> _Activity_: Since the records include pictures, leave those out while you reproduce exactly and only the lines from the one containing "Small Space End" through the one containing "a painting of", inclusive.

(Records for this task)

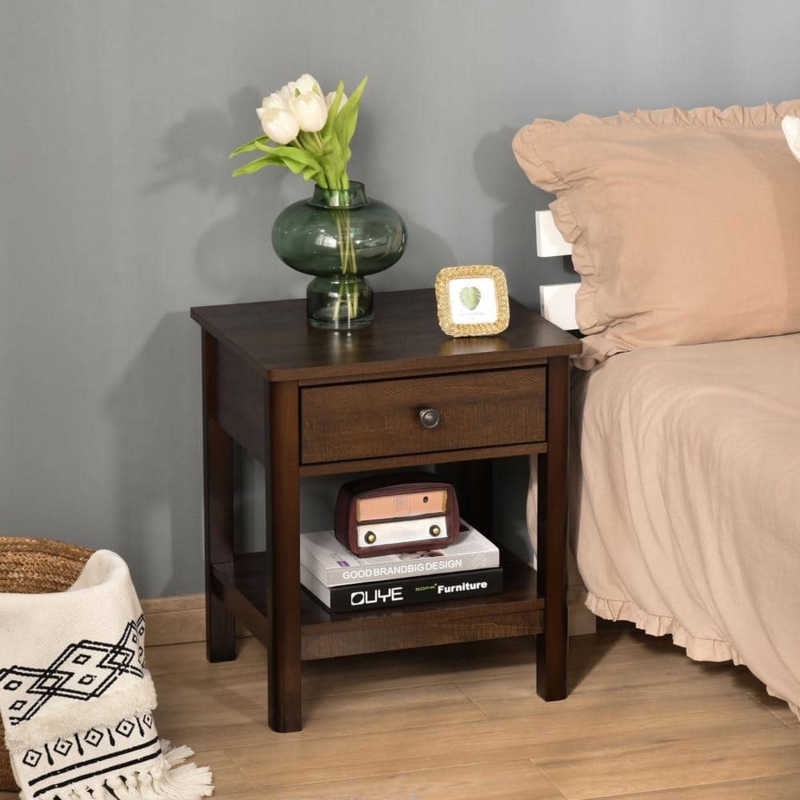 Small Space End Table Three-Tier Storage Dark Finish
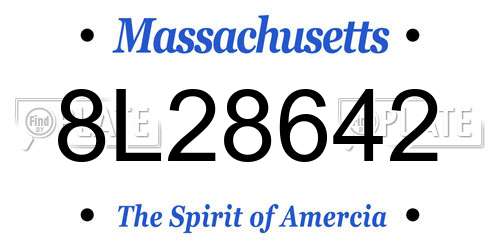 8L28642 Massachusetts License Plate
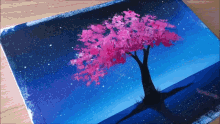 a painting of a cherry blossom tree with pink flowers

(End Records for this task)
(Records for this task)

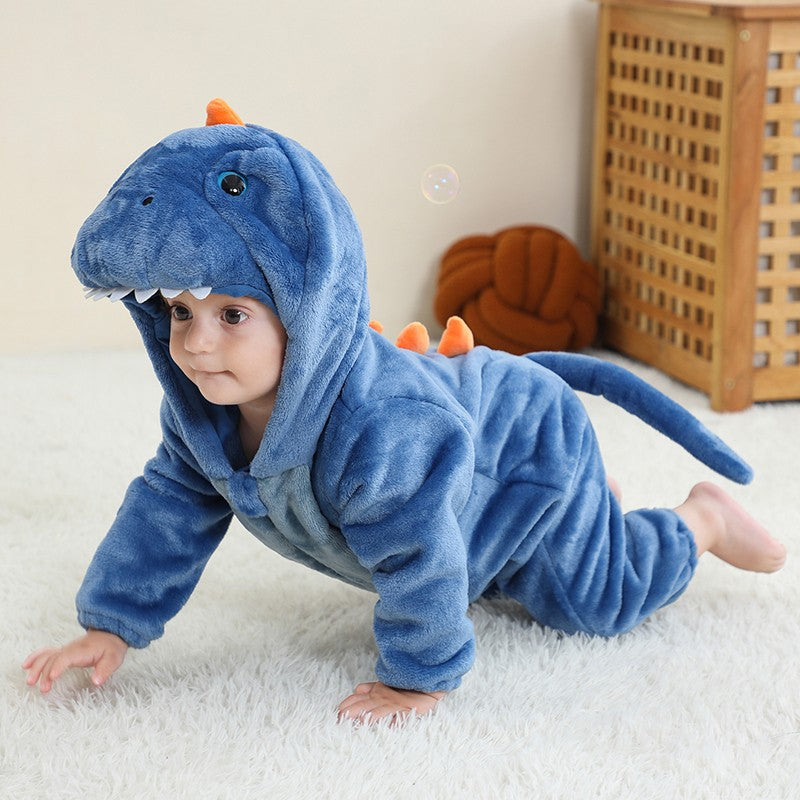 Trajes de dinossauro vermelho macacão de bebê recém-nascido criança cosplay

(End Records for this task)

> _Response box_:
 Small Space End Table Three-Tier Storage Dark Finish
 8L28642 Massachusetts License Plate
 a painting of a cherry blossom tree with pink flowers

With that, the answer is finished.